> **Task requirements**
In your copy, leave out the pictures and reproduce the listing below exactly.
[[ Listed records open ]]
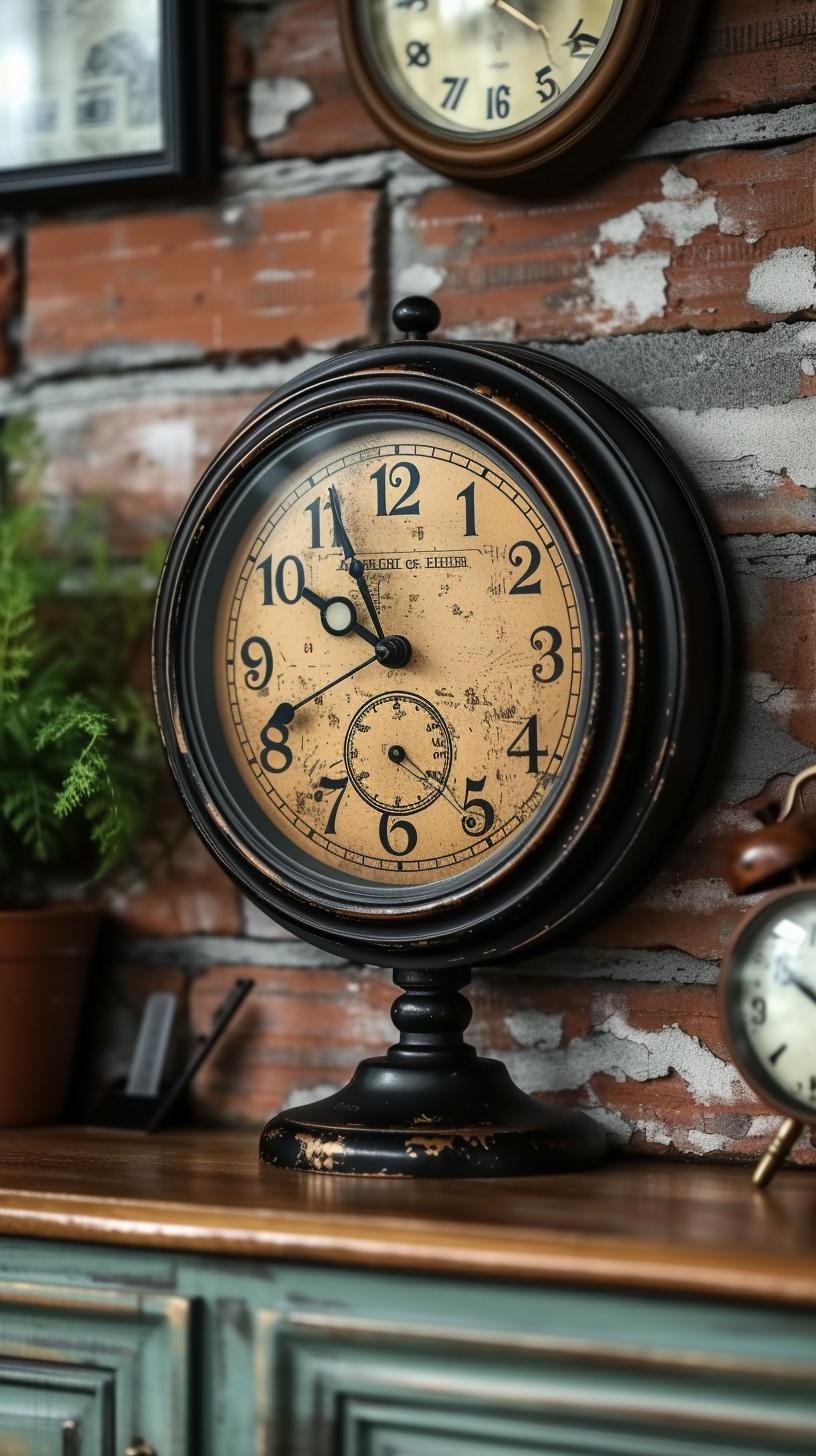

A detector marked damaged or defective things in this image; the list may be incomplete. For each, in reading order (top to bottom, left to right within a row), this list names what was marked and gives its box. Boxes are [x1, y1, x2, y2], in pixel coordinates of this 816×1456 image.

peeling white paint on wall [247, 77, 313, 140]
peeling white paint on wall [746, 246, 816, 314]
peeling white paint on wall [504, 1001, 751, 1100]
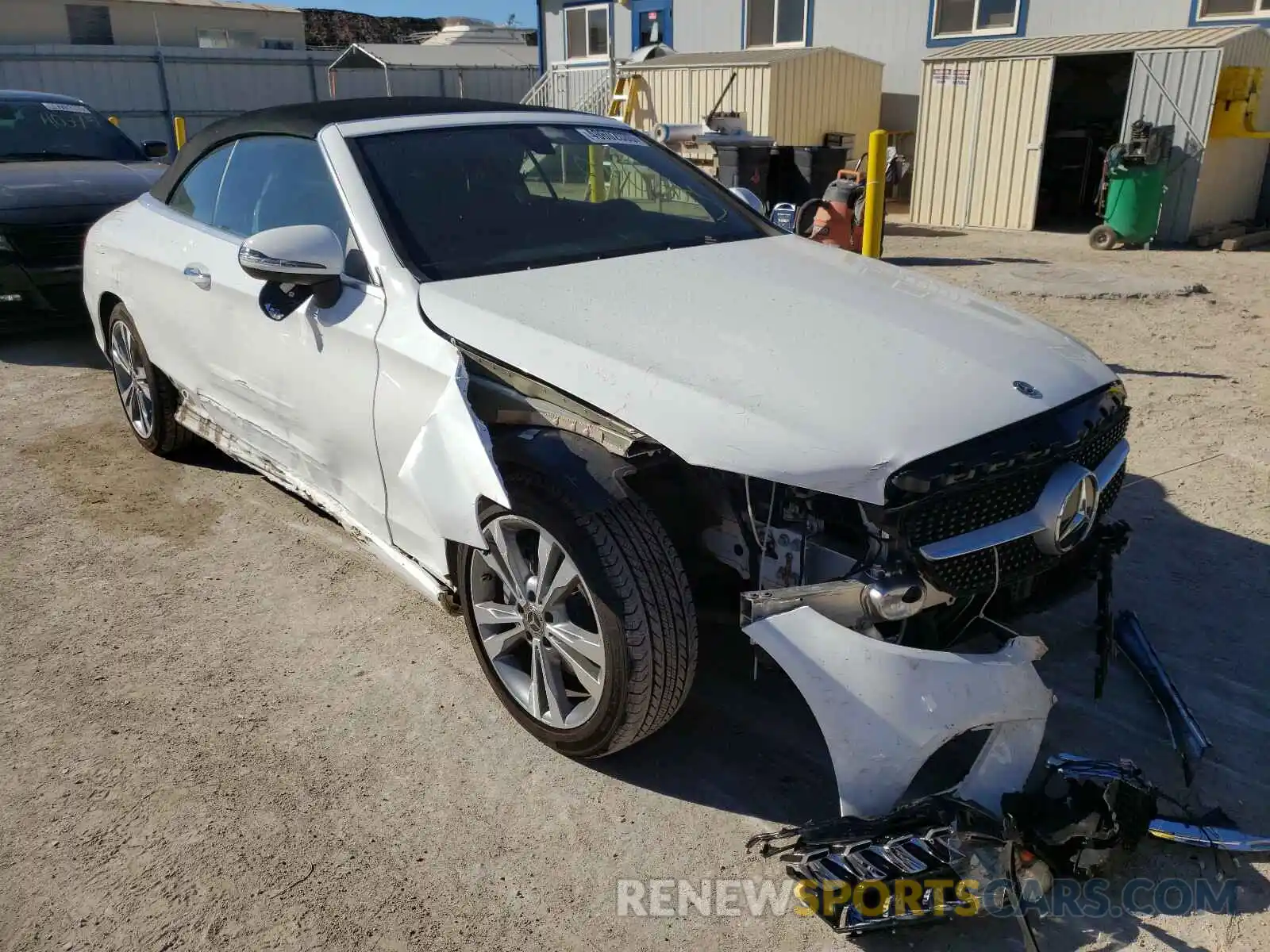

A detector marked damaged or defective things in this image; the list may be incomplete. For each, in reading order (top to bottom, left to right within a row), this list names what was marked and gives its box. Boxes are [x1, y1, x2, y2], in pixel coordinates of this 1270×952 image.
[[ Listed records closed ]]
> **Written response**
A detector marked damaged or defective things in this image; the list may be incomplete. For each, in reading order (top to bottom, left to right within a row), this list names what was marked and gives its box. Boxes are [x1, y1, x2, y2], in pixel coordinates of this 816×1456 image.

peeling white paint on wall [247, 77, 313, 140]
peeling white paint on wall [746, 246, 816, 314]
peeling white paint on wall [504, 1001, 751, 1100]

A detector marked damaged or defective things in this image; the list may be incomplete. For each, in reading order (top to bottom, left to right within a row), this list names what was marked and gives its box. Boxes are [x1, y1, x2, y2], in pixel coordinates of this 1270×952 image.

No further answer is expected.